:: Problem to solve ::
Return the data word for word. Pictures are to be omitted.

:: Data extract ::
========================

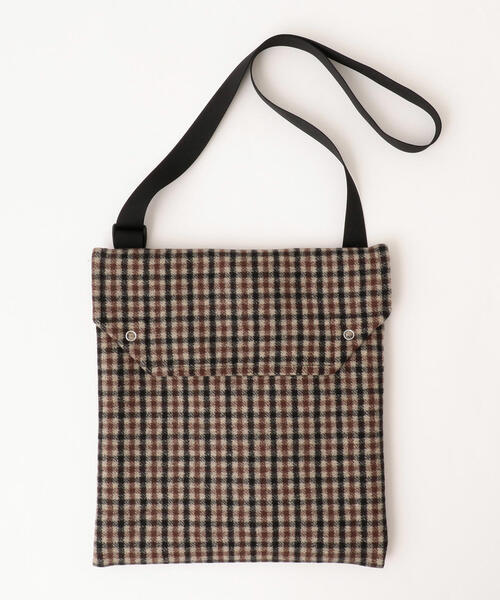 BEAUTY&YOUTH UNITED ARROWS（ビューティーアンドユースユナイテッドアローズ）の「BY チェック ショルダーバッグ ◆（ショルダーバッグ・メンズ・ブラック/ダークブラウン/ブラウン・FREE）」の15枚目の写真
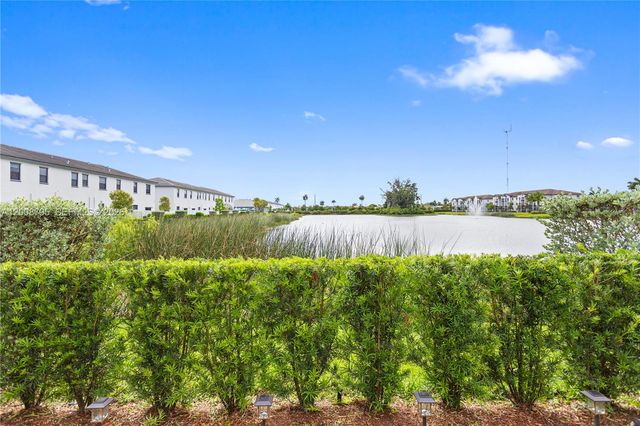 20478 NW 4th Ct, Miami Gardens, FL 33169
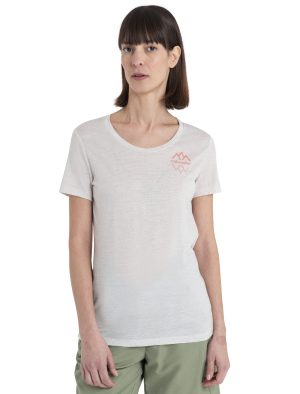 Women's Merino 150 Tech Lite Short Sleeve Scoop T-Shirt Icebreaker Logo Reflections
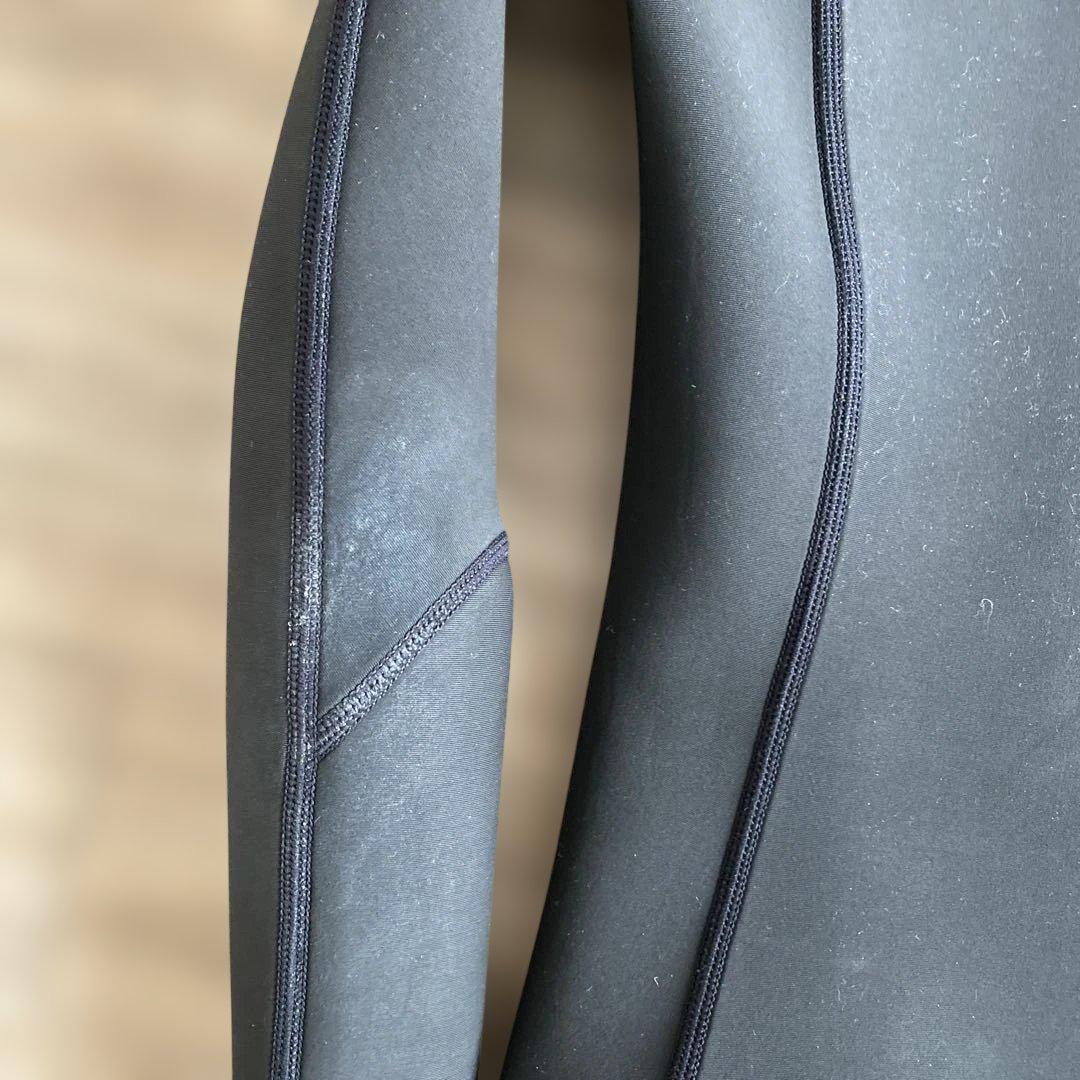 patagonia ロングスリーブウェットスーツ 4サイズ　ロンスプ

========================

:: Exercise result ::
 BEAUTY&YOUTH UNITED ARROWS（ビューティーアンドユースユナイテッドアローズ）の「BY チェック ショルダーバッグ ◆（ショルダーバッグ・メンズ・ブラック/ダークブラウン/ブラウン・FREE）」の15枚目の写真
 20478 NW 4th Ct, Miami Gardens, FL 33169
 Women's Merino 150 Tech Lite Short Sleeve Scoop T-Shirt Icebreaker Logo Reflections
 patagonia ロングスリーブウェットスーツ 4サイズ　ロンスプ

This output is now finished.